YOUR GOAL: Your answer must hold only the lines below from the line containing "Severina, Damian und" through the line containing "Obraz premium Collection", each reproduced exactly.

EXERCISE MATERIAL:
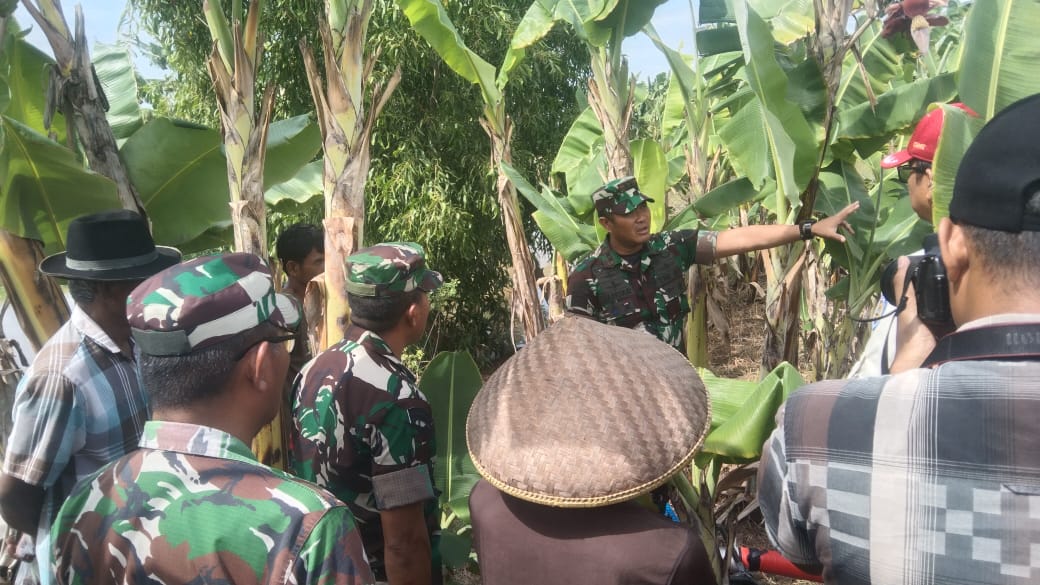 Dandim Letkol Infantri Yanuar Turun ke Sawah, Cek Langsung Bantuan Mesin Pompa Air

...

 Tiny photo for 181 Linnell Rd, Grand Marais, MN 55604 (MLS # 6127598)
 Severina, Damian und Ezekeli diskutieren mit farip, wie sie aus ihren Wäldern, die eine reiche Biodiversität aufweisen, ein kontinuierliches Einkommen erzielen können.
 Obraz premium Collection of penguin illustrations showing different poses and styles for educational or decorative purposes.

...

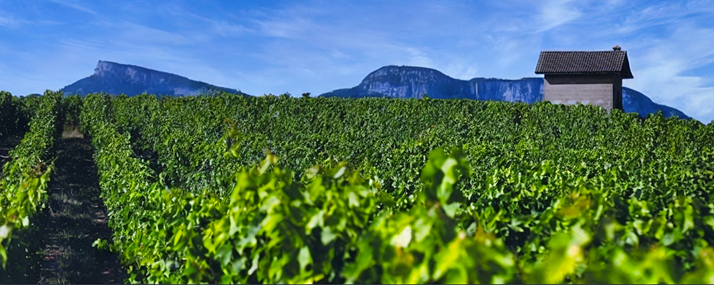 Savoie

ANSWER BOX:
 Severina, Damian und Ezekeli diskutieren mit farip, wie sie aus ihren Wäldern, die eine reiche Biodiversität aufweisen, ein kontinuierliches Einkommen erzielen können.
 Obraz premium Collection of penguin illustrations showing different poses and styles for educational or decorative purposes.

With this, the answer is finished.